DATASET CONTENT |

════════

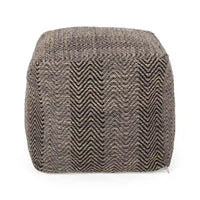 Bowmont pouf cube en coton fabrique main par Christopher Knight Home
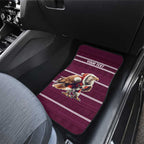 NRL Manly Warringah Christmas Personalised Car Mats with Sea Eagles Mascot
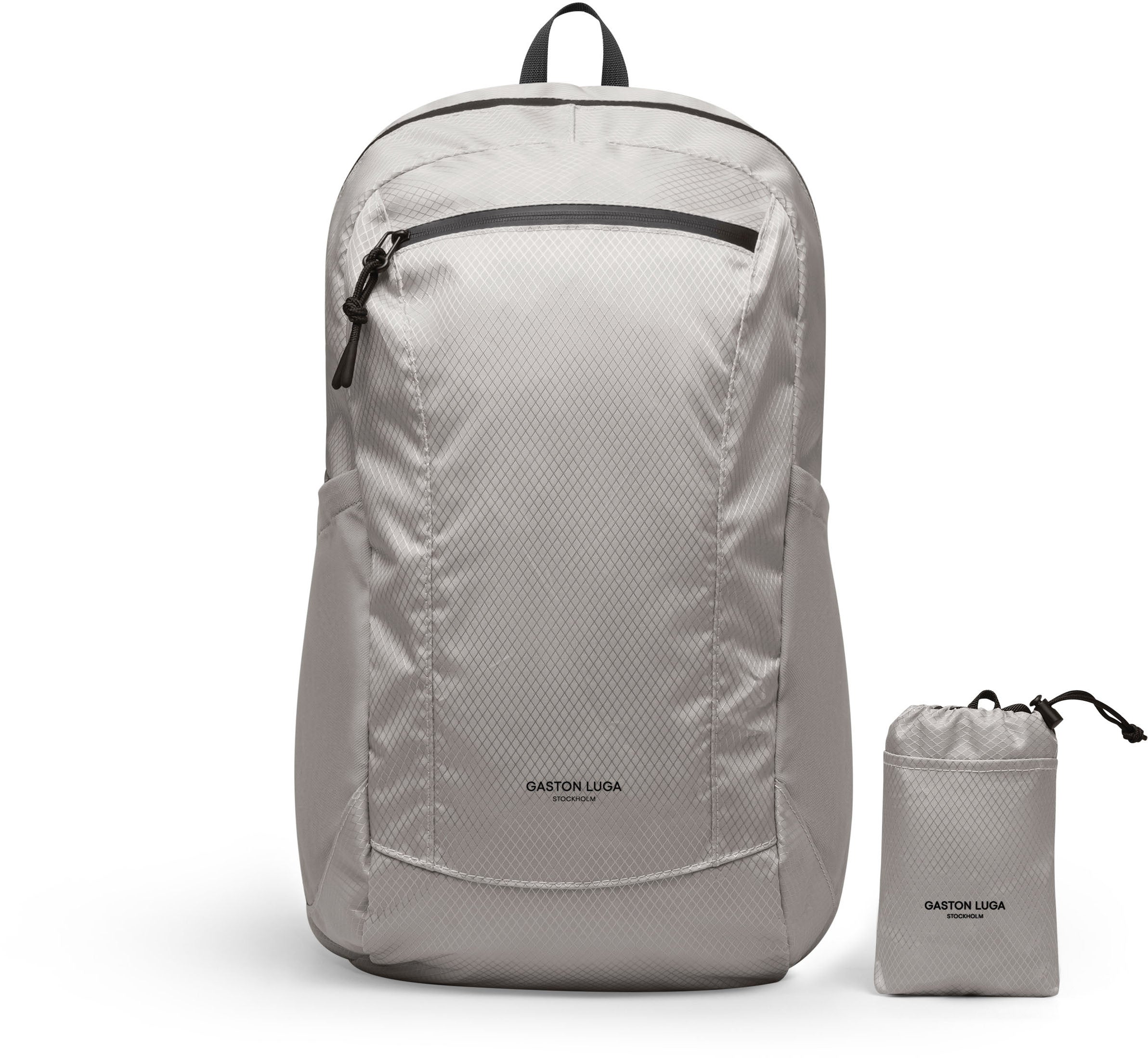Gaston Luga City-Rucksack Lightweight Packable BP LWPBPTP – faltbar, wasserabweisend, rPET-Polyester – Taupe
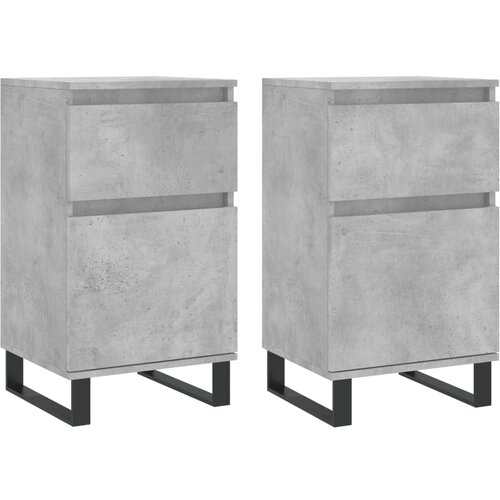 Maison Chic Komoda - Predalnik 2 kosa betonsko siva 40x35x70 cm inženirski les, (21720543) Slike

════════

Your copy should hold exactly the lines from the one that contains "NRL Manly Warringah" through the final line of the data, both ends included, and no pictures.

RESULT OF THIS TASK |
 NRL Manly Warringah Christmas Personalised Car Mats with Sea Eagles Mascot
Gaston Luga City-Rucksack Lightweight Packable BP LWPBPTP – faltbar, wasserabweisend, rPET-Polyester – Taupe
 Maison Chic Komoda - Predalnik 2 kosa betonsko siva 40x35x70 cm inženirski les, (21720543) Slike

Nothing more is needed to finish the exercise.